NEWARK, N.J. - Appeals courts in New Jersey and Texas yesterday scrapped verdicts against drugmaker Merck & Co. Inc. stemming from some of the earliest trials involving the company's now withdrawn pain reliever Vioxx.
The Texas court reversed a $26 million verdict against the company stemming from the first trial. The court found no evidence that Robert Ernst had suffered a fatal heart problem from a blood clot triggered by Vioxx. He had been taking the drug for eight months before being stricken in May 2001.
His wife had won a $253 million verdict against Merck in 2005, but limits Texas places on punitive damages cut that to about $26 million.
Also yesterday, a New Jersey appeals court voided $9 million of the $13.9 million awarded to John McDarby in 2006 by a jury in Atlantic City. The panel vacated the punitive-damages award because it found that the punitive-damages requirement in New Jersey's Product Liability Act was preempted by the federal Food Drug and Cosmetic Act.
McDarby survived his 2004 heart attack, but died last fall from complications of his cardiac problems, his attorney said.

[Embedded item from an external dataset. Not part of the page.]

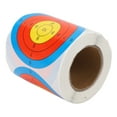 thumbnail image 1 of Shooting Target Sticker, Easy To Aim Shooting Archery Target Sticker Firm Paste Portable Universal  for Training, 1 of 7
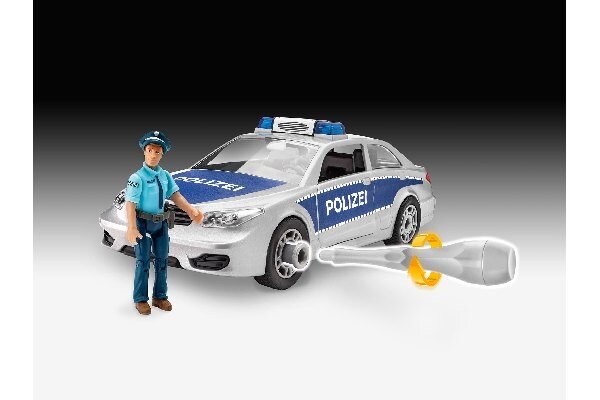 Revell 820 Police Car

The panel affirmed $4.5 million in compensatory damages to McDarby, awarded when the New Jersey jury found Merck had failed to warn of Vioxx's cardiac risks.
Vioxx was pulled from the market in September 2004 after being linked to an increased risk of stroke and heart attack.

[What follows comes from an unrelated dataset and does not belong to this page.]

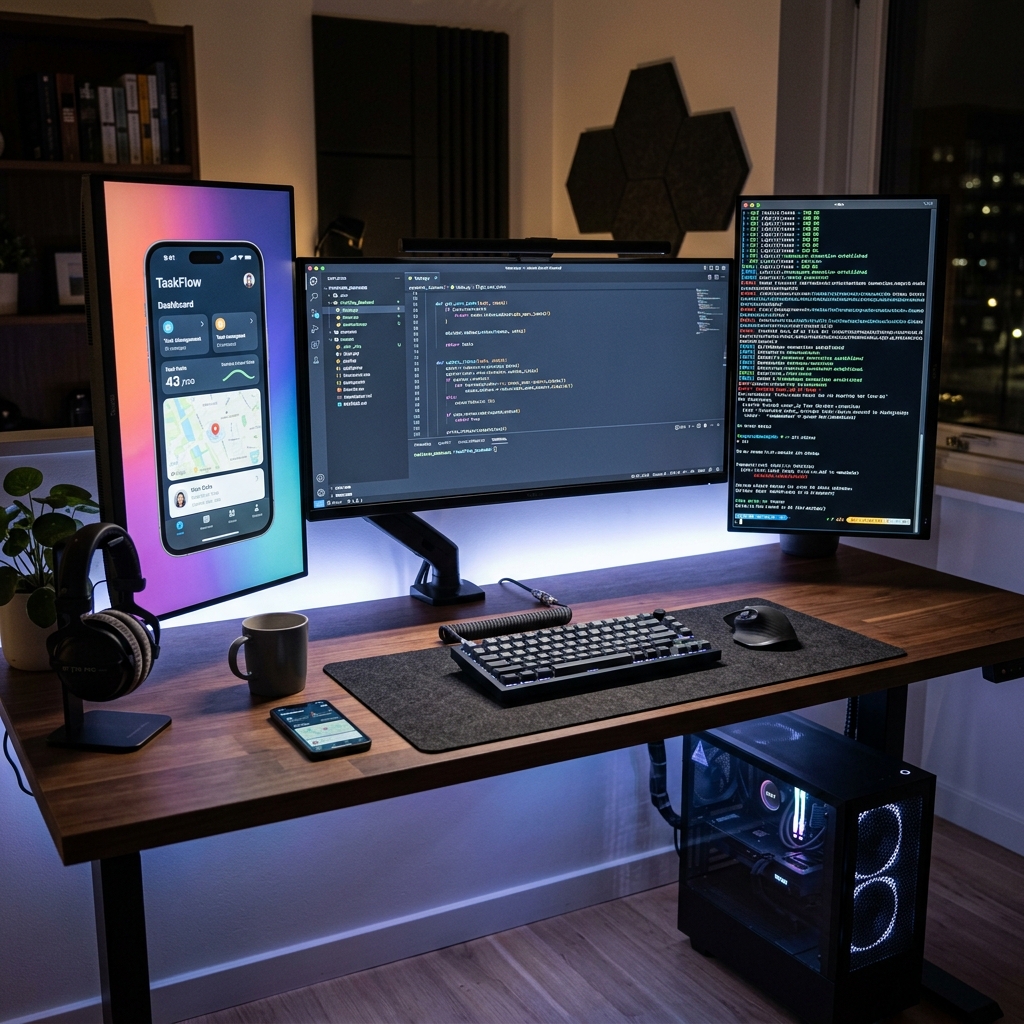 Power Setup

Merck, based in Whitehouse Station, N.J., has major operations and 10,500 employees in Montgomery County, Pa.
Yesterday's rulings gave Merck 11 victories and three losses stemming from trials that reached verdicts, with the damages now reduced in one of those losses. Retrials are pending in a few cases.
In a statement, Merck general counsel Bruce Kuhlik said the company was gratified that the Texas 14th Court of Appeals had found Vioxx did not cause Ernst's death.
"In addition, the New Jersey court correctly reversed the awards of punitive damage and consumer fraud," Kuhlik said. "We intend to seek further review of the portion of the award that remains standing. . . . We continue to believe Merck acted responsibly."
McDarby's attorney, Ellen Relkin, said that while they were delighted "with the robust affirmance" of the $4.5 million compensatory verdict - which she said now exceeded $5.1 million with interest - they would consider appealing the reversal of the $9 million in punitive damages.